И когда крах первой карьеры сказался и на его облике, то Павел Иванович это сразу приметил: «Какой же я стал гадкий!» Думаю, раздражало его не собственное похудевшее отражение, а то, что он терял ту меру успеха, которую сам себе назначил, даже выстроив вокруг неё целую теорию (Фёдор Михайлович описал бы это со всем возможным психологизмом, и тогда стало бы очевидно, что Чичиков — это литературный папа Раскольникова). Полнота здесь выступает в роли родионовской фигуры Наполеона, имеющего право на беззаконие. Чичиков более практичен и приземлён, но тоже с теорией: он — человек действия, который хочет решать свою судьбу сам, не идя на мелкие сделки, а навязывая условия обществу (как навязывал цену за сладости богатым однокашникам, сперва убедившись, что они голодны и не будут торговаться, или диктовал условия для сделки контрабандистам, лишь получив все полномочия). Нечистоплотность его методов уравновешивается в его глазах несправедливостью, как он считает, к нему жизни. Он игрок, который пользуется слабостями системы и недомолвками правил, психолог, играющий на человеческих слабостях, но забывший, что и сам их тоже не лишён.
У Чичикова есть и своя психологическая теория: собственно, то самое лирическое отступление про толстых и тонких есть способ деления людей по их целеполаганию и ценностям, которым они служат всей душой. Если облечь это рассуждение персонажа в более конкретную форму и прибавить к нему те самые мечты, которые он откладывал на потом, и персонажей, которых встречал (и о которых складывал мнение), то люди делятся на тех, кто а) гонится за статусом (и из всех плотских грехов выбирают самый примитивный — чревоугодие), б) волочится за юбками, в) мечтают о семейном благополучии, г) просто мечтают (лень у Манилова идёт рука об руку с постоянными прожектами, точно так же халатным образом (буквально не вылезая из халата) и внезапно всплывший Кифа Мокиевич, которой не может отвлечься даже на воспитание сына), и мечта уже есть их награда, д) стремится всё контролировать (теряя всё, как Плюшкин, у которого, если что и осталось, то сгнило и пропало), е) всё превращает в игру (обманы Ноздрёва невыгодны ему самому (кроме шулерства, но даже им он не умеет пользоваться — спуская всё более удачливому сопернику сразу же после первого успеха)) и ж) хочет избежать любой ошибки (Чичиков не понял этого в Коробочке, и это его погубило — чтобы тот её как-нибудь не обманул, она и раскрыла его афёру (прибавив от испугу совсем уж нелепых подробностей)).

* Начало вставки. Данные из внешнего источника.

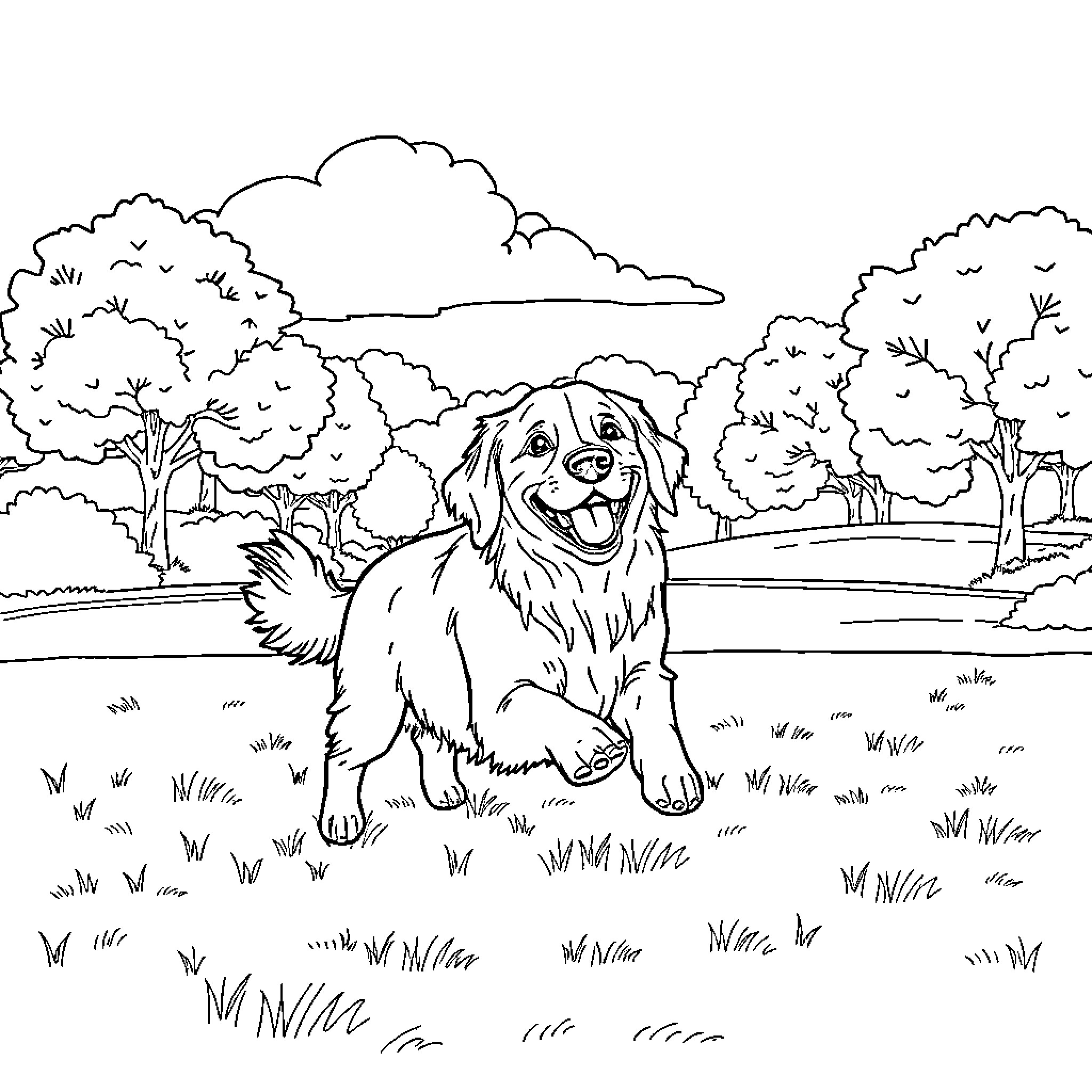 Golden Retriever enjoying a serene outdoor scene Coloring Page (free black-and-white line drawing printable PDF for all, from beginners to advanced learners, including children, teens, adults, and seniors)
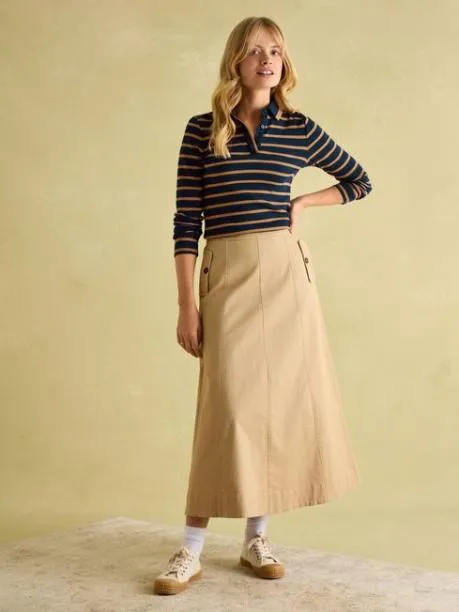 Tops and TShirts Women Joules Navy and Tan Long Sleeve Ribbed Polo Shirt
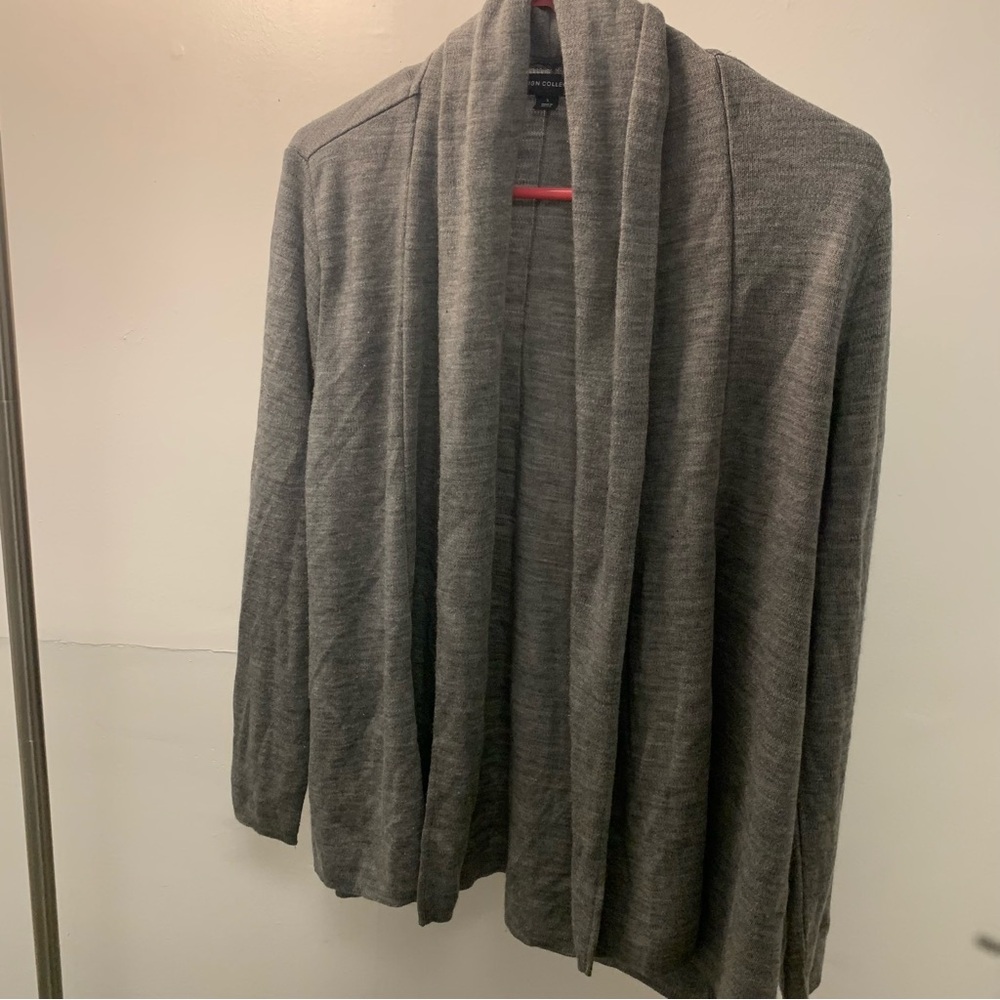 Gray Cardigan Sweater with Draped Shawl Collar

Такая подробная категоризация людей роднит Чичикова скорее с другим персонажем «Преступления и наказания» — очень похожим на него внешне следователем Порфирием Петровичем, который, кстати, в минуту откровенности (по всей видимости, с Порфирием нельзя быть до конца уверенным) признаётся убийце Раскольникову, что у того ещё шанс на исправление есть, а он уже человек «поконченный».
Светлая идея о преемственности следователя Достоевского от мошенника Гоголя не моя, а взята из эссе Виктора Григорьевича, которым он пару лет назад ответил на мой вопрос.
Собственно, то, что бывает сложно уложить в голове тот факт, что образы или идеи психологично-мрачного Фёдора Михайловича могут пересекаться с лёгким и ироничным слогом сотканными историями Николая Васильевича, лишний раз подтверждает, что мы очень зависим от формы, от общей подачи материала и того угла, под которым автор нам предлагает смотреть на повествование. Банальная мысль, что один и тот же немудрёный сюжет со стереотипным образом в изложении двух умелых рассказчиков будут разными рассказами, имеет и обратную сторону — читатель редко об этом задумается.
Это, кстати, свидетельствует о том, что важность связности, логичности и цельности повествования, на отсутствие которых любят ругаться критики и продвинутые зрители и читатели, сильно преувеличена — хорошей истории простят многое. Даже полное сходство с другой историей — лишь бы она была рассказана увлекательно.